Scheme 2 Scope of ipso-hydroxylation chemistry.

In order to further demonstrate the applicability of our reaction conditions, three of the ipso-hydroxylations were conducted at 5 gram-scale by simple scale-up of p-substituted systems. 85–90% isolated yields were obtained with electron-donating (methoxy), electron-withdrawing (cyano) and electron-neutral (H) examples shown in Scheme 3 (2a, 2b and 2g). This suggests that our conditions should be the method of choice for such a transformation conducted at larger scales for synthetic purposes.

Scheme 3 Gram-scale synthesis of phenols.

The mechanism for the ipso-hydroxylation of boronic acids is presumed to be as outlined in Scheme 4.¹⁹ The boronic acid can form an adduct with hydrogen peroxide which can undergo rapid proton transfer (particularly in protic solvents) to afford intermediate 1a–H₂O₂–2, set up for 1,2-aryl migration with departure of water, which gives the boronic ester readily amenable to hydrolysis to afford the phenol.

Scheme 4 Hypothesized reaction mechanism for the ipso-hydroxylation of boronic acids.

Treatment of phenols with HBr under oxidative conditions is known to yield bromophenols via electrophilic aromatic substitution.^10f To our delight, the addition of hydrogen bromide to the ipso-hydroxylation reaction from the very start yielded brominated phenols 3a–k directly (Scheme 5), even though the reaction time was still kept at one minute. This direct one-pot protocol for generation of bromophenols from arylboronic acids is novel. The reaction likely proceeds by tandem ipso-hydroxylation-bromination, both processes which are facilitated by hydrogen peroxide. All the reactions involved must be rapid, since only a minute total reaction time afforded medium to excellent yields of the bromophenols (53–95% yield). The simple phenylboronic acid 1a afforded the tribrominated phenol 3a in excellent 95% yield. The electron-withdrawing p-cyano system 1b gave only slightly diminished yield (89%) of 3b. The remaining p-substituted systems afforded medium to good yields of o-dibrominated products in 52–84% yields. Ortho- and meta-substituted systems afforded ortho,para-dibrominated products in 55–88% yields. The meta-brominated substrate 1j afforded the tetrabromophenol 3j in 52% yield. The para-acetamidoboronic acid 1k afforded the ortho-dibrominated phenol 3k in 54% yield, which represents a formal synthesis of bromo-functionalized pharmaceutical agent paracetamol. In this case, another product 3k′ was also isolated which turned out to be para-bromoacetamidobenzene in 38% yield.

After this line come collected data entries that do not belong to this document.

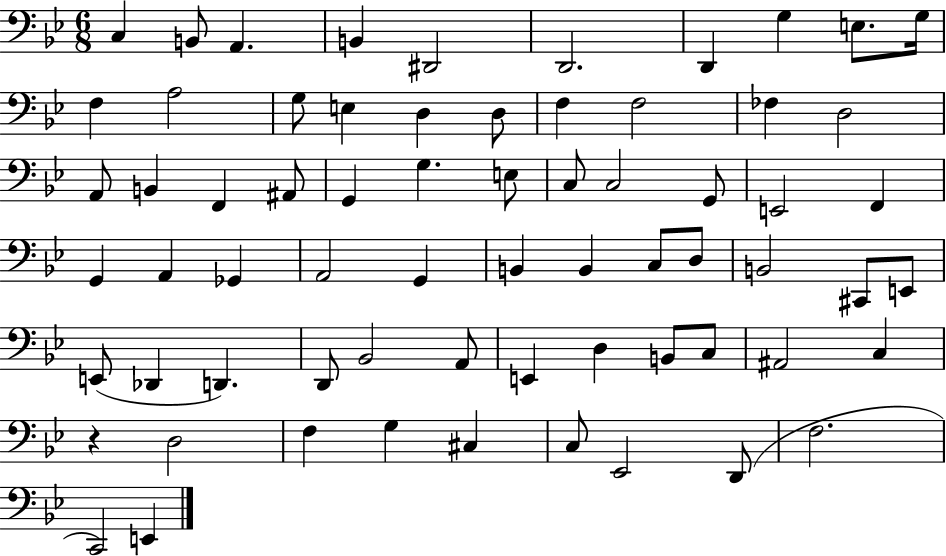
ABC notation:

X:1
T:Untitled
M:6/8
L:1/4
K:Bb
C, B,,/2 A,, B,, ^D,,2 D,,2 D,, G, E,/2 G,/4 F, A,2 G,/2 E, D, D,/2 F, F,2 _F, D,2 A,,/2 B,, F,, ^A,,/2 G,, G, E,/2 C,/2 C,2 G,,/2 E,,2 F,, G,, A,, _G,, A,,2 G,, B,, B,, C,/2 D,/2 B,,2 ^C,,/2 E,,/2 E,,/2 _D,, D,, D,,/2 _B,,2 A,,/2 E,, D, B,,/2 C,/2 ^A,,2 C, z D,2 F, G, ^C, C,/2 _E,,2 D,,/2 F,2 C,,2 E,,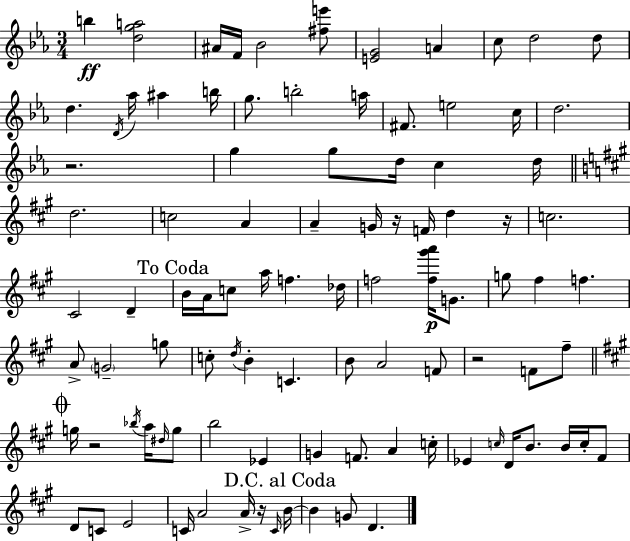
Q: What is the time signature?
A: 3/4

This represents a formal ipso-bromination of the boronic acid.²⁰ The tandem ipso-hydroxylation – bromination procedure appears to work quite well with a range of substrate and affords medium to excellent yields of bromophenols. This represents an attractive and direct route to this class of compounds due to its high efficiency and convenient procedure.

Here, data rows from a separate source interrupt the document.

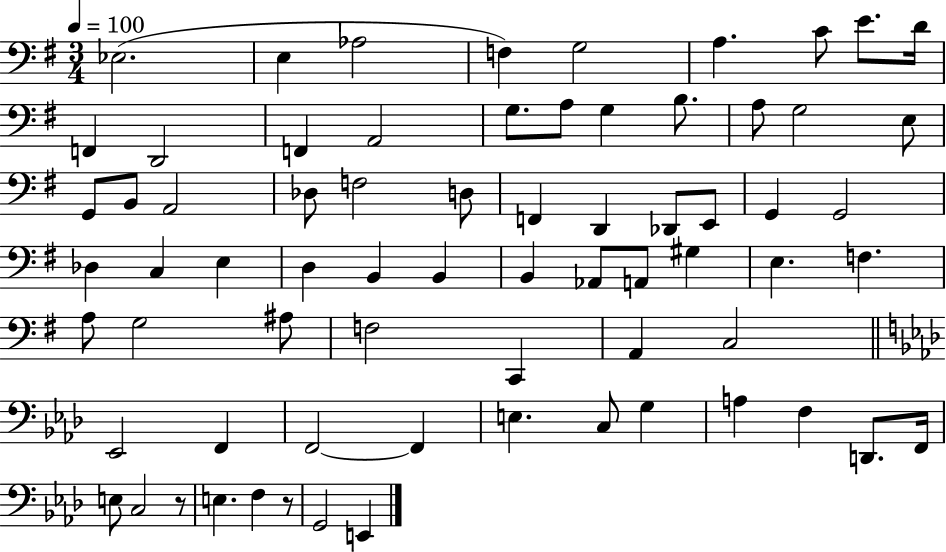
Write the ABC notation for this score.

X:1
T:Untitled
M:3/4
L:1/4
K:G
_E,2 E, _A,2 F, G,2 A, C/2 E/2 D/4 F,, D,,2 F,, A,,2 G,/2 A,/2 G, B,/2 A,/2 G,2 E,/2 G,,/2 B,,/2 A,,2 _D,/2 F,2 D,/2 F,, D,, _D,,/2 E,,/2 G,, G,,2 _D, C, E, D, B,, B,, B,, _A,,/2 A,,/2 ^G, E, F, A,/2 G,2 ^A,/2 F,2 C,, A,, C,2 _E,,2 F,, F,,2 F,, E, C,/2 G, A, F, D,,/2 F,,/4 E,/2 C,2 z/2 E, F, z/2 G,,2 E,,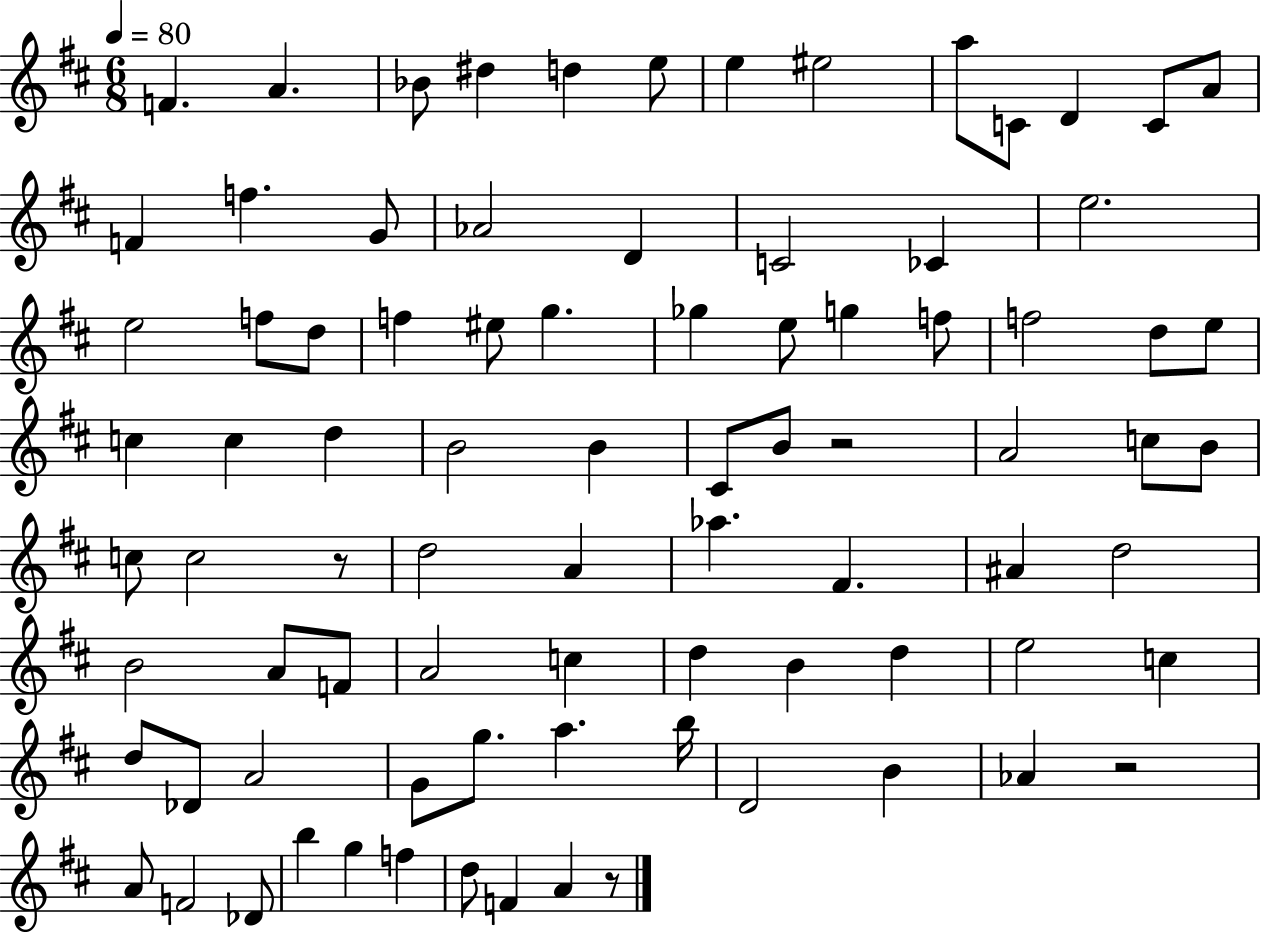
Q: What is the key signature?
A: D major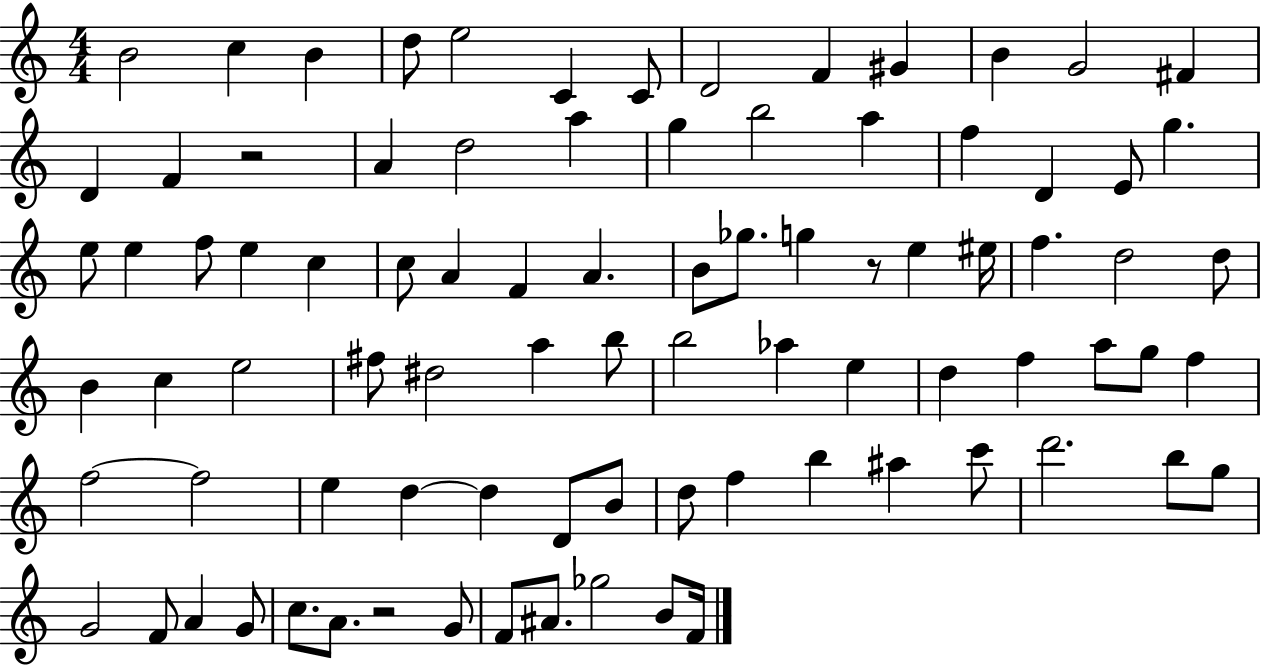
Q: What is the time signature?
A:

Scheme 5 Tandem ipso-hydroxylation-bromination.

Our development of the one minute route to bromophenols, triggered us to investigate whether another reaction could be combined in the same pot in order to access further functionalized phenols. The presence of bromo-substituents would allow access to arylated phenols via cross-coupling chemistry. By generating bromophenols as described above, followed by addition of base, 5 equivalents of a new boronic acid, tetrakispalladiumtriphenylphosphine (6 mol%) and degassing with nitrogen, the Suzuki–Miyaura coupling products 4a–c were generated in 20–67% yields (over 3 steps) upon microwave heating for 30 min (Scheme 6). 4a was formed in diminished 20% yield using 3 equivalents of boronic acid and base with 4 mol% of Pd-catalyst loading. However, by increasing to 5 equivalents of boronic acid and base with 6 mol% of catalyst loading (2 mol% per coupling), the yields increased to 65% and 67% for 4b and 4c, respectively. Over 3 steps this is close to 90% average yield per step (unoptimized), thus, it constitutes an impressive one-pot procedure for generating such highly substituted phenols. Furthermore, 4b is not symmetrical and demonstrates that this methodology can be applied to generate relatively complex phenols.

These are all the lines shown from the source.